LBR is currently listed on LBank, BingX, Bitget, Gate.io, MEXC, and KuCoin, as well as on Uniswap.
3. Gravita Protocol
Gravita is a decentralized borrowing protocol that allows users to obtain interest-free loans using their ETH liquid staking tokens as collateral.
Users can borrow $GRAI, a stable asset with a hard floor and a capped ceiling, against any of the supported LSD deposits.
$GRAI is an over-collateralized debt token that gets issued by the protocol when users deposit their collateral. Its price is contained between $1.10 and $0.97, acting as a stablecoin.
Users can earn money on Gravita by providing liquidity to the Stability Pool. The Stability Pool is used to help repay the debts of liquidated Vessels that fall below the minimum collateral ratio.
Over time, Stability Providers may earn early adopter rewards and may also make liquidation gains.
Gravita has plans to launch a governance token, GRVT, which will be used to provide benefits such as boosted yields and reduced fees.
Gravita Protocol currently has $22 million in assets locked in its protocol.
4. UnshETH ($USH)
UnshETH aims to decentralize Ethereum liquid staking by incentivizing competition amongst the protocols and promoting validator decentralization.
The protocol is essentially a diversified liquid-staked ETH basket that earns staking ETH yield and swap fees, all wrapped in a single ERC-20 token.
Users can mint unshETH by depositing a supported ETH liquid staking token and can redeem unshETH into the basket of underlying LSDs.
unshETH currently supports 6 LSDs, with plans to support more.
The unshETH token accrues yields from swap fees and redemption fees thus boosting the overall yield that unshETH holders get by simply holding the token.
The holders of the protocol’s native governance token USH can vote on proposals or stake their USH to receive vdUSH, which can be used to earn a share of the protocol’s revenue.
USH currently has a market cap of $6,6 million with about 30% of tokens in circulation. It’s listed on SushiSwap, Balancer, and PancakeSwap.

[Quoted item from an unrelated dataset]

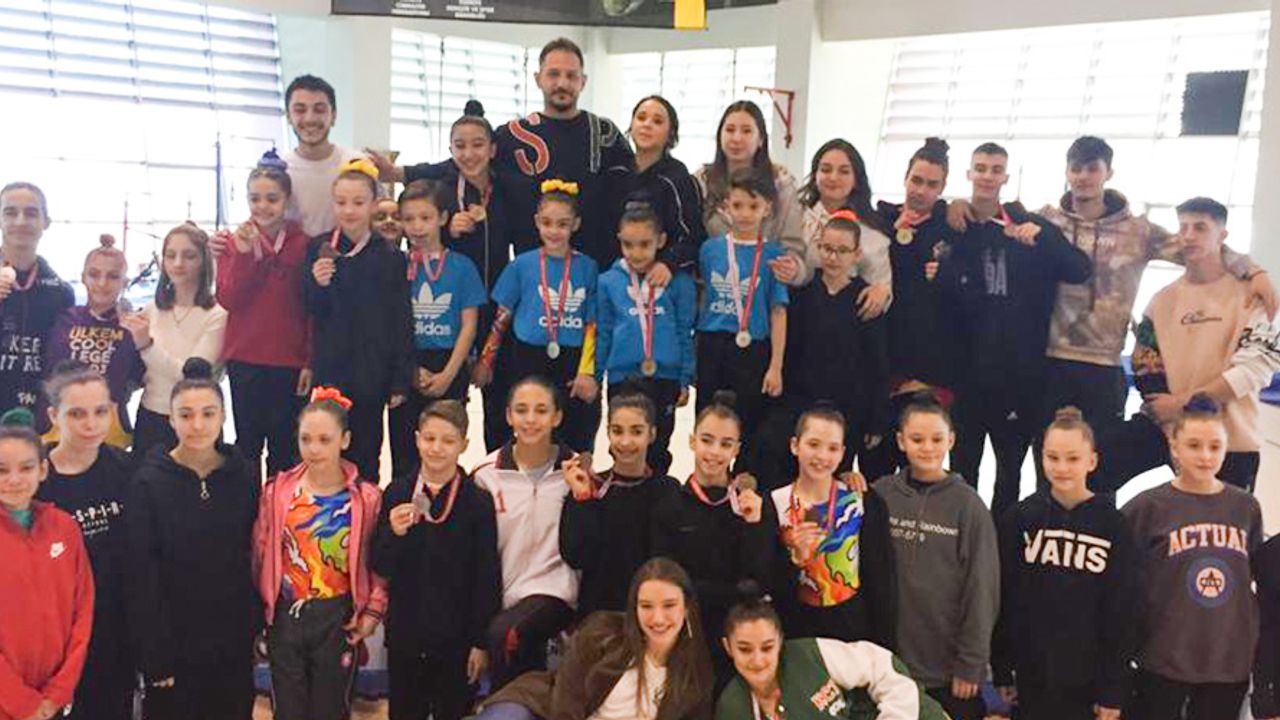 Misak-ı Milli İlkokulu öğrencileri cimnastik müsabakalarında derece aldı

While the TVL of unshETH has exploded in the past few months - currently sitting at $25 million - this hasn’t been reflected in the price or the trading volume of the USH token.

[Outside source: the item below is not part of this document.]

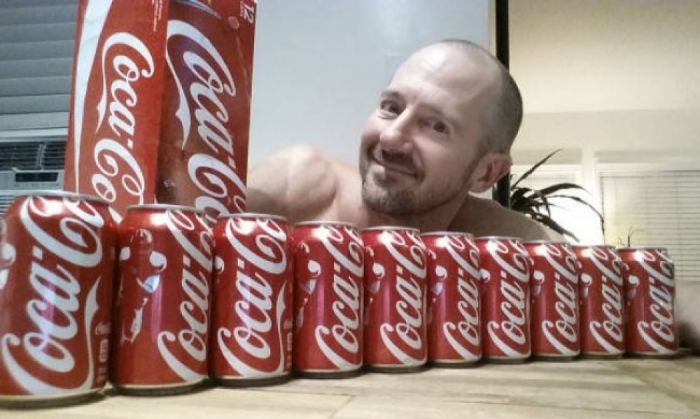 A băut 10 cutii de Cola pe zi! Uite ce i s-a întâmplat, după o lună… 1 zahar1_202645.jpg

I’m keeping a close eye on this protocol to see if USH can follow up.
Zooming Out
LSD-Fi is an emerging new DeFi trend that adds a second layer on top of LSD protocols.
In this post, we went over 4 new LSD-Fi protocols that let you use your liquid staking tokens in a wide variety of ways, allowing you to earn additional yield and making your capital much more efficient.

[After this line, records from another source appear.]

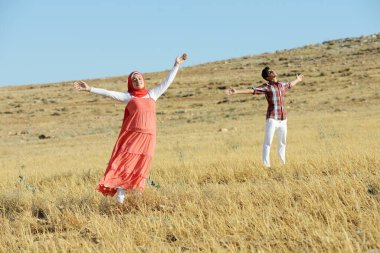 Arap gençliği doğanın tadını çıkarıyor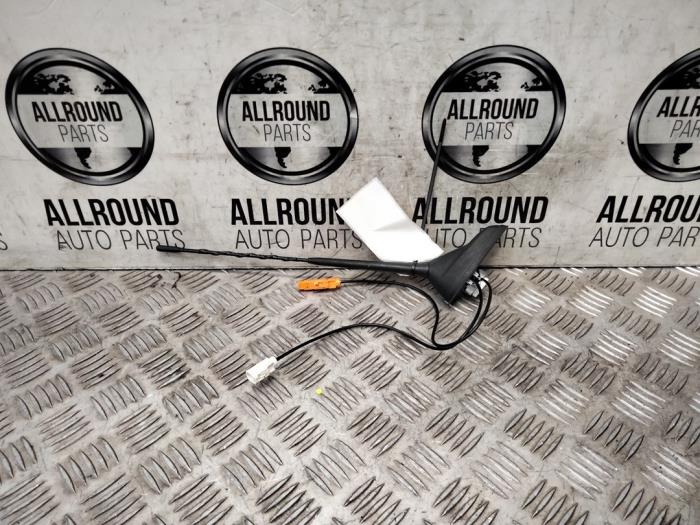 Używane Antena Opel Corsa F (UB/UH/UP) Cena € 25,00 Procedura marży oferowane przez AllroundCarParts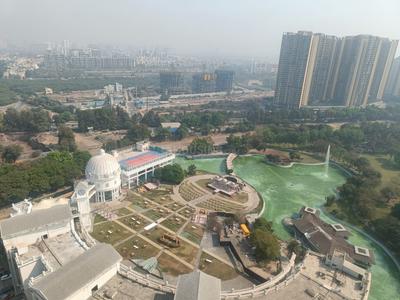 Balcony Image of 1350 Sq.ft 2.5 BHK Apartment / Flat for sale in Amanora Gateway Towers 98 And 99, Hadapsar Pune for Rs. 28100000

While most of these protocols are currently interesting more for their yield-generating capacities, some, especially Pendle, can also offer significant returns via their native tokens.
Let’s watch these protocols closely to see if their rapid growth can be reflected in the price of their tokens. #crypto2023
Disclaimer: This content is for educational purposes only and should not be considered as financial or any other advice. Always do your own due diligence before investing your hard-earned money.